Así pues, volví a levantarla, y desde arriba jugué a dejarla caer, sin miedo a que diera un golpetazo. Fue difícil. Tenía que confiar en ella, pensar que, con su sistema, no daría un golpe bestial sobre la taza con riesgo de pelar la pintura. Era como cuando en clase de gimnasia en el instituto, o con los amigos, debías cerrar los ojos y dejarte caer hacia atrás confiando en que los brazos de un compañero te iban a sujetar sin que te dejaras la columna vertebral en el suelo. Que nadie se engañe: todos abríamos los ojos y estábamos en tensión. Fíate tú.
El caso es que esta tapadera, cabronceta, es de confianza. Era como si te dicen, oye majo, salta desde el avión, olvídate del paracaídas, que él se abre por sí solo porque detecta automáticamente la distancia que le queda hasta el suelo. Complicado, ¿verdad? Pues, tranquilos, que ella es de fiar.

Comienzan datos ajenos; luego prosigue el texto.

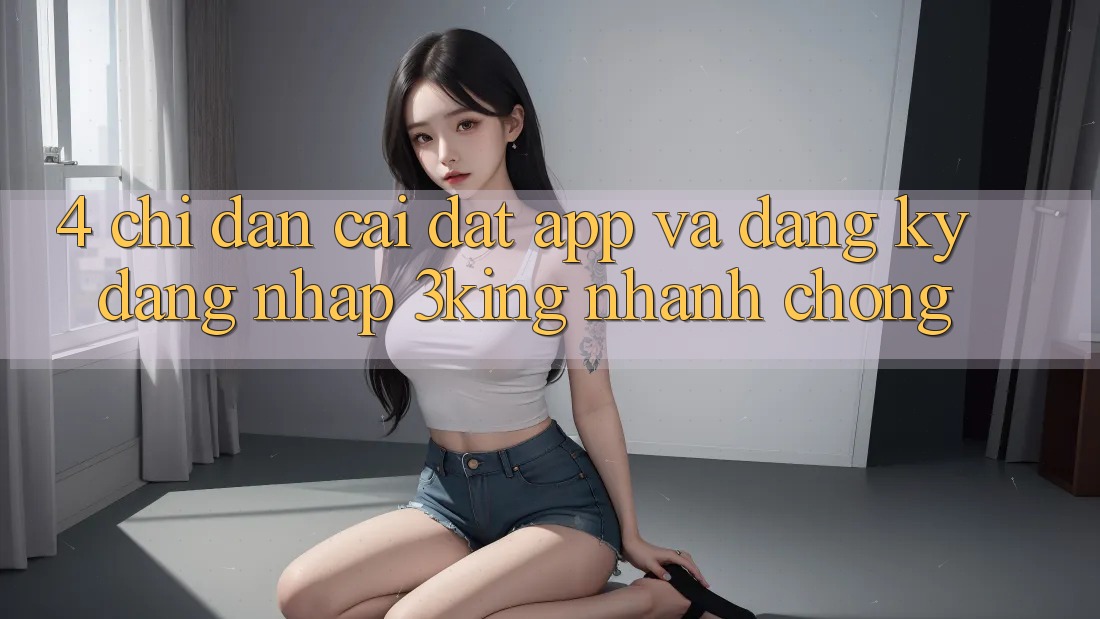 4. Chỉ dẫn Cài đặt App Và Đăng Ký, Đăng Nhập 3king Nhanh chóng 4. Chỉ dẫn Cài đặt App Và Đăng Ký, Đăng Nhập 3king Nhanh chóng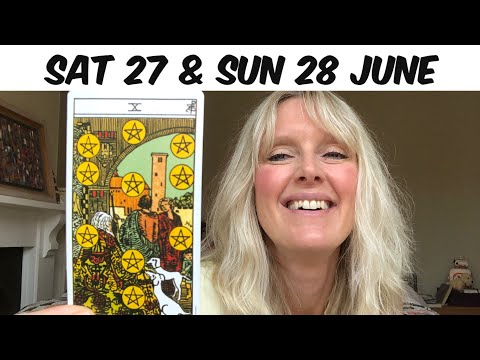 Weekend Tarot June 27. & 28, 2020 - Leaving The Past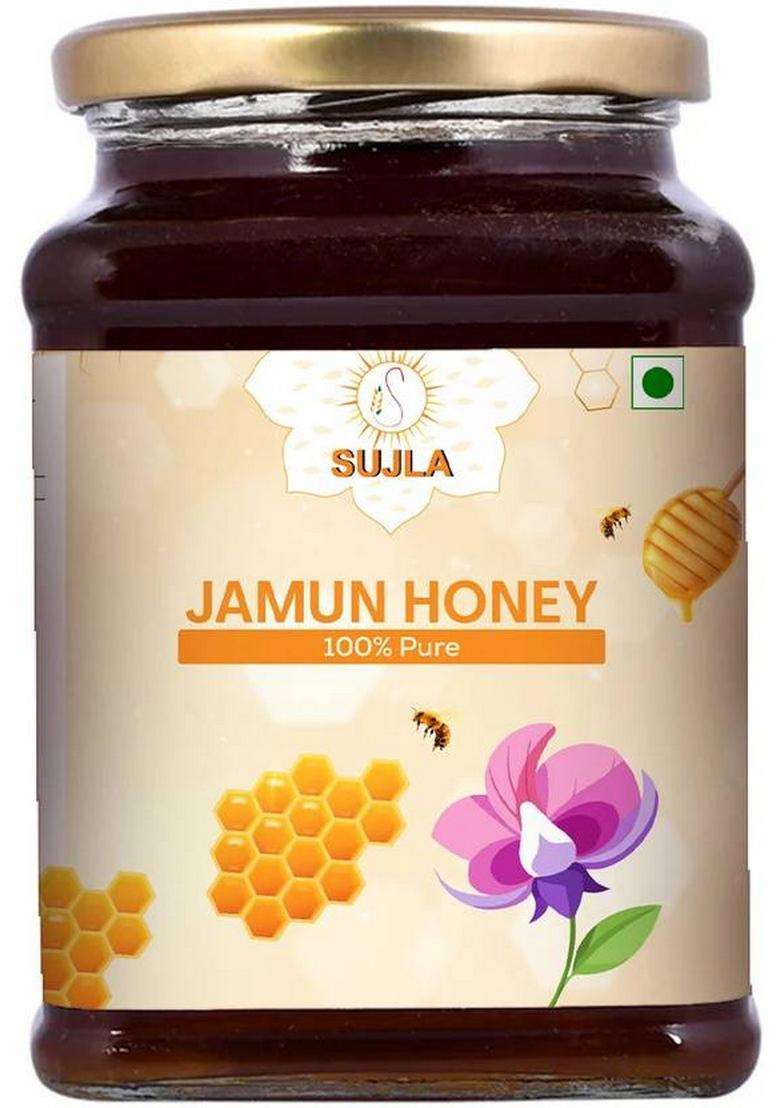 Sujla Jamun Honey | Pure & Raw Forest Natural Unprocessed (1 Kg) - Indya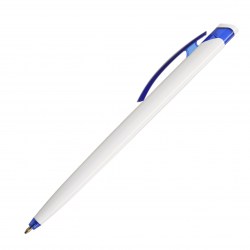  Ручка шариковая VIVA PENS Mico white-bis, синий MCH01-0104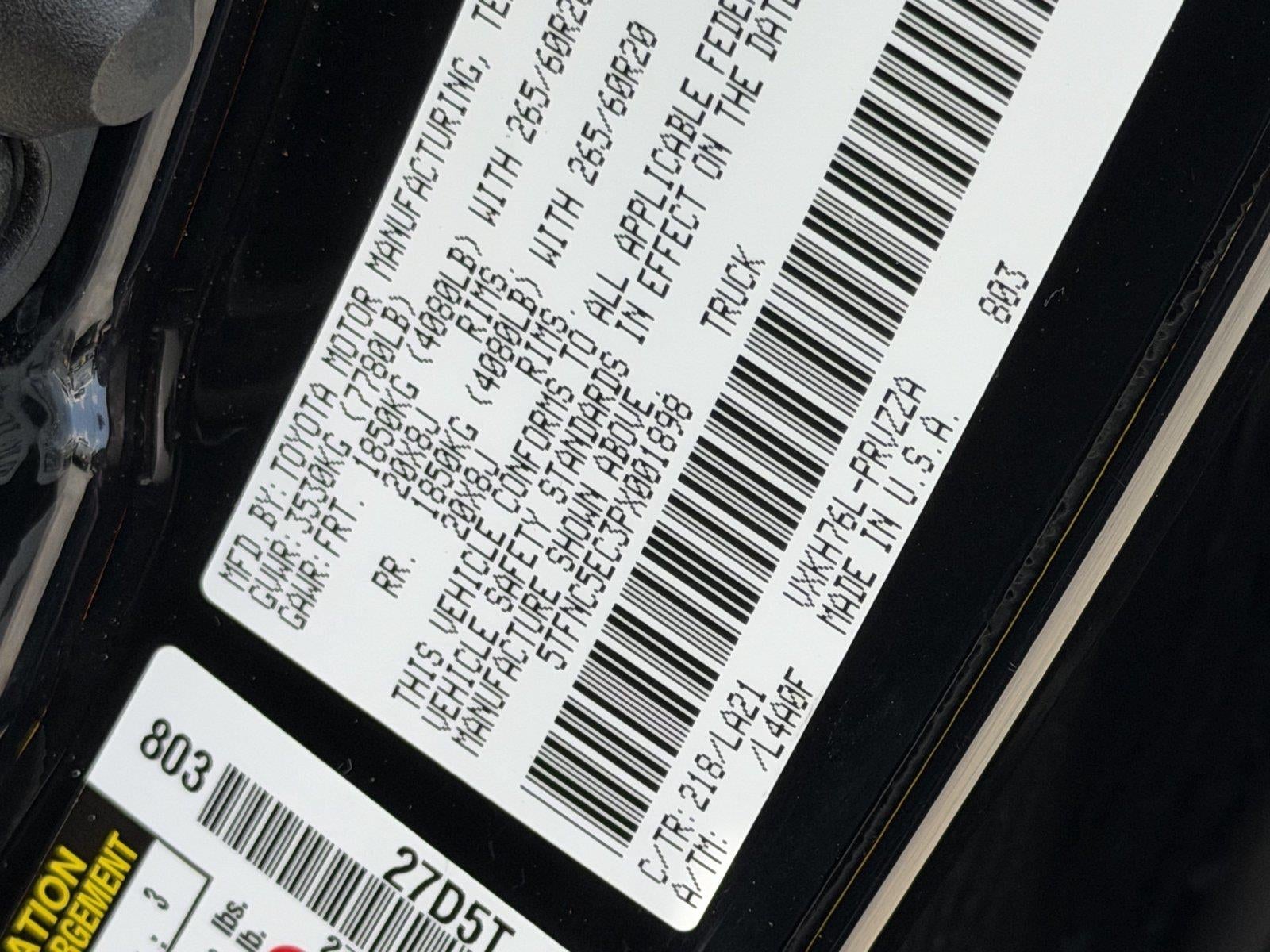 2023 Toyota Tundra Platinum HV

Así es que allí estuve un rato: cogiendo confianza con aquella tapa de buen ver, moderna, elegante, inteligente. La dejaba caer con diferentes fuerzas, y ella trabajaba eficiente con idéntica respuesta. Maravilloso invento. El problema es que ahora nunca sabemos si nuestra compañera es quien ocupa el baño del trabajo, porque ya actúa silenciosa, a la vieja usanza, claro, bajando con la mano lo que un día un ingeniero pensó que era demasiado incómodo para el usuario.

1 comentario:
La verdad es que prometía más el tema. Pensaba que te acababas pillando la minga con la tapa o algo así. Pero al final lo has arreglado, la escultura que remata el texto me mata.